L’errance à Édimbourg était similaire à celle à Dublin : nous nous sommes attaqué à la ville comme un nouveau voyage en commençant par certains lieux touristiques savamment sélectionnés après des lectures réitérées de notre Lonely Planet et des commentaires sur TripAdvisor. C’est ainsi que nous avons été impressionnés, comme tous les touristes que nous croisions, comme tous ceux qui nous ont vanté la ville, par son architecture désespérément géorgienne , ses pierres beiges, brunes et rouges si ordonnées, systématiquement répétées en de bâtiments quasi-identiques dont la saleté n’altère jamais la beauté. D’un quartier à un autre, il est facile de se perdre dans Édimbourg ; heureusement que la Princes Street est là pour nous rappeler au désordre avec son boucan de touristes et de lèche-vitrines, d’amuseurs publics et de mendiants, de bus à deux étages et de taxis qui polluent le paysage bigarré de la Royal Mile au-delà des ponts, rue excessivement touristique, mais inévitable et enjouée, dont les magasins de souvenirs, les cathédrales, les musées et les boutiques de whisky aboutissent majestueusement sur le sempiternel château qui n’aura de cesse de nous faire tourner la tête jusqu’à ce qu’on quitte la ville : çà-et-là, nous nous dirons constamment tiens, encore lui.

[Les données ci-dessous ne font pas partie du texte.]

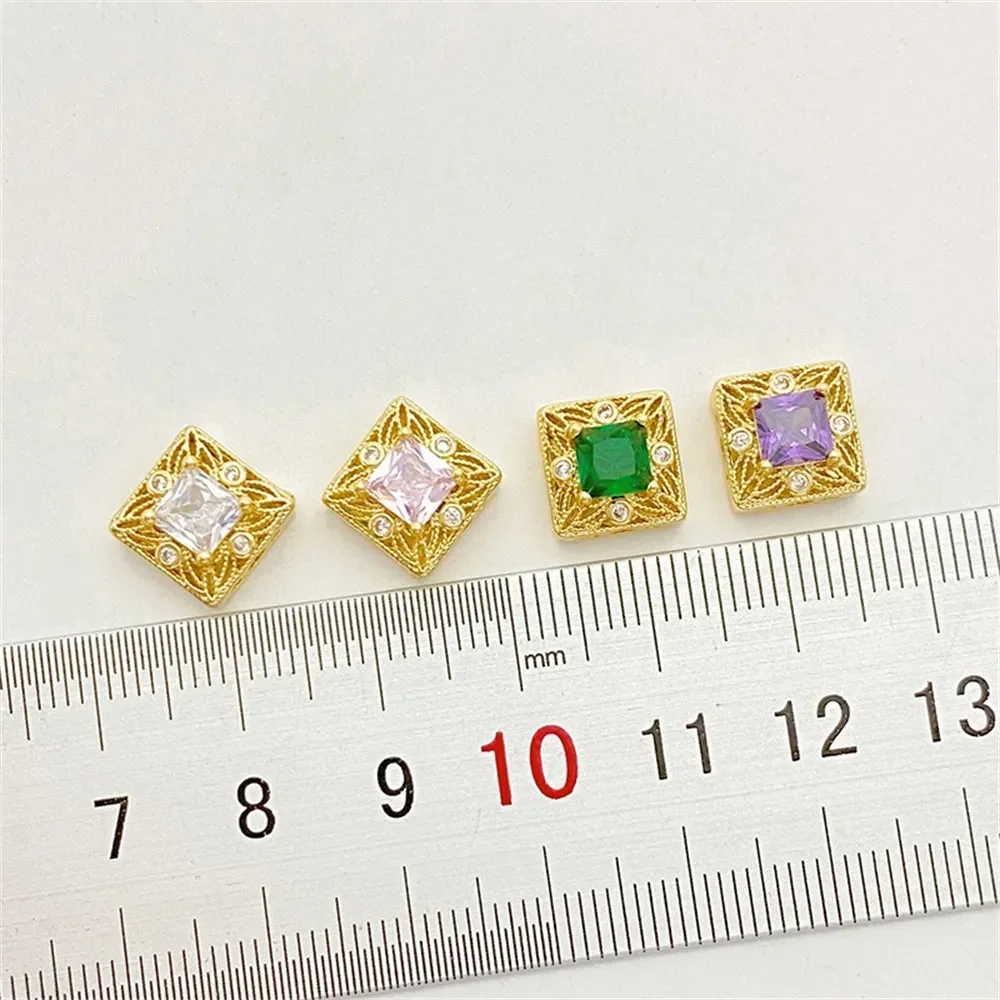 14K Gold Inlaid Colored Zirconium Square Hollow Bead Handmade DIY String Bracelet Necklace Jewelry Material Accessories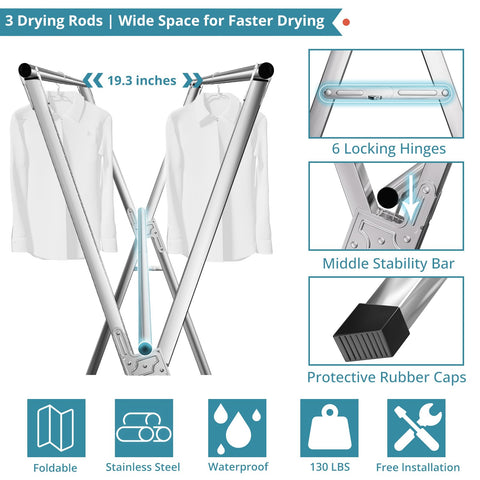 JAUREE three retractable rods add drying surface versatility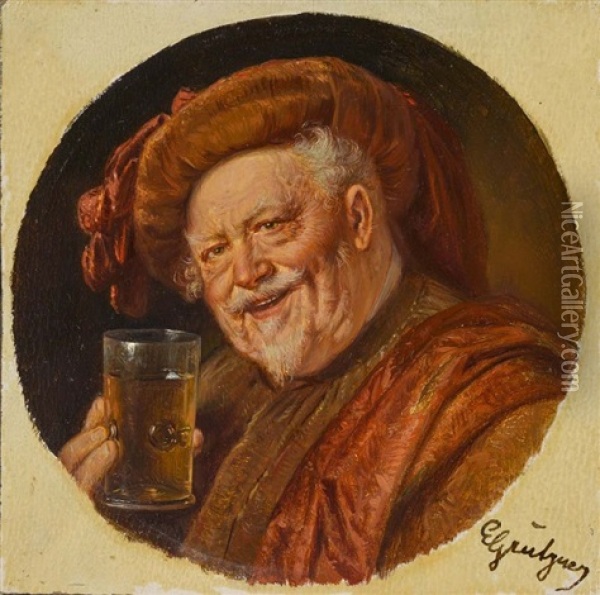 Falstaff Oil Painting - Eduard von Gruetzner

Édimbourg est une ville à plusieurs étages : sans arrêt on monte et on descend pour se trouver littéralement sous une rue, sur une rue, parallèlement en hauteurs, comme si les quartiers étaient sens dessus-dessous. Ce qui peut paraître comme un désordre étourdissant s’avère dans les faits à être un ordre typiquement britannique, tout aussi rassurant qu’étonnant, transformant l’errance en une activité aussi agréable que naturelle. À l’écoute de cette particularité d’Édimbourg, nous avons rapidement abandonné les circuits touristiques (dont plusieurs étaient assez coûteux : il faut tout de même mentionner qu’Édimbourg, un peu comme Stockholm, est une ville chère et riche) pour nous promener au bord des canaux artificiels et de la rivière du Dean Village dont les guides de voyage ne parlent pas (c’est un scandale : cette promenade est à mon avis un incontournable pour prendre le pouls de la ville, de sa tranquillité et de sa proximité avec la mer et la campagne), pour faire la sieste sur la plage de Portobello, magnifique et typiquement nordique.
On est attentif à Édimbourg comme on observe une sculpture ; on obéit à sa structure alternante, à ses différents niveaux, à ses croissants et rues circulaires, à ses pentes et vallées, à toutes ses dimensions, puis on se promène en passant sans cesse de visites frontales et touristiques à des parcours plus risqués, des détours plus ronds, pour toujours revenir à cette image d’ensemble et multiple que la ville offre régulièrement au passage d’une ruelle qu’on emprunte afin de prendre le risque de se tromper, de s’égarer.
Devant le Scottish Museum of Modern Art, une œuvre d’art public arbore un message humoristique : there will be no miracles here. Bien que nous ayons réussi à découvrir cette ville sans nous perdre, il est vrai que nous y avons beaucoup erré. La déambulation n’est effectivement pas un miracle et c’est pourquoi je crois, au final, que notre décision de placer Édimbourg dans notre parcours n’était pas qu’un choix aléatoire.